WHAT TO DO:
Reproduce exactly the entries from the "Spark Red™ 718" line to the end. Skip all pictures.

(Caption-style text data)
○ ○ ○ ○

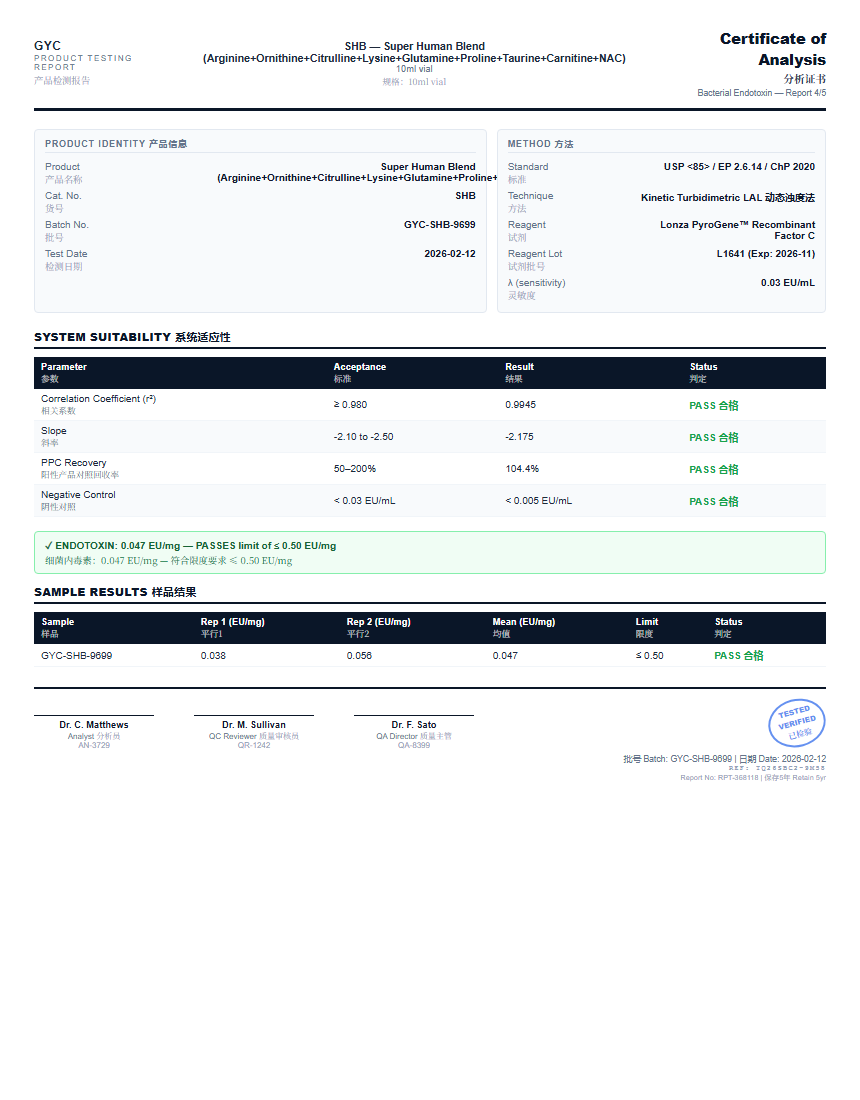 Super Human Blend (Arginine+Ornithine+Citrulline+Lysine+Glutamine+Proline+Taurine+Carnitine+NAC) Endotoxin report by Janoshik Analytical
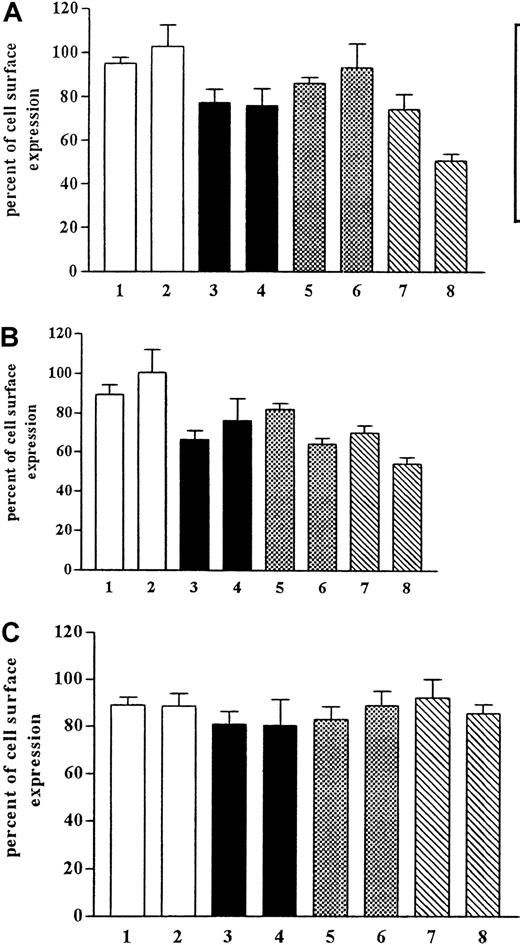 Fig. 4. Effects of monensin and brefeldin A on recovery of CCR5. / CHO.CCR5 cells were pretreated for 1 hour with monensin or brefeldin A or both before internalization was induced. After 30 minutes and 60 minutes, respectively, cells were stained for FACS analysis. (A) MIP-1α. (B) RANTES. (C) MIP-1β. 1, monensin, 30 minutes; 2, monensin, 1 hour; 3, brefeldin A, 30 minutes; 4, brefeldin A, 1 hour; 5, monensin plus brefeldin A, 30 minutes; 6, monensin plus brefeldin A, 1 hour; 7, control, 30 minutes; 8, control, 60 minutes. Data represent mean ± SEM of at least 3 independent experiments.
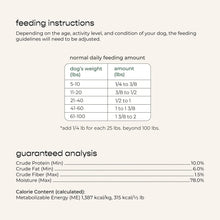 Dog food feeding instructions and guaranteed analysis table for protein, fiber
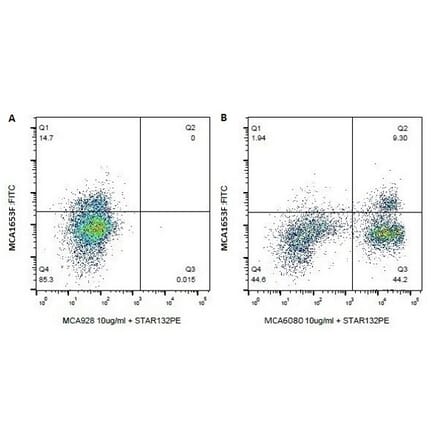 Flow Cytometry - Anti-CD3 epsilon Antibody [MM1A] (A281228) - Antibodies.com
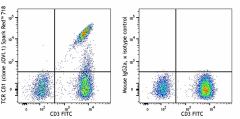 Spark Red™ 718 anti-human TCR Cβ1 Antibody (383521)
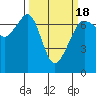Tide chart for Dungeness, Washington on 2021/03/18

○ ○ ○ ○

YOUR RESPONSE:
 Spark Red™ 718 anti-human TCR Cβ1 Antibody (383521)
Tide chart for Dungeness, Washington on 2021/03/18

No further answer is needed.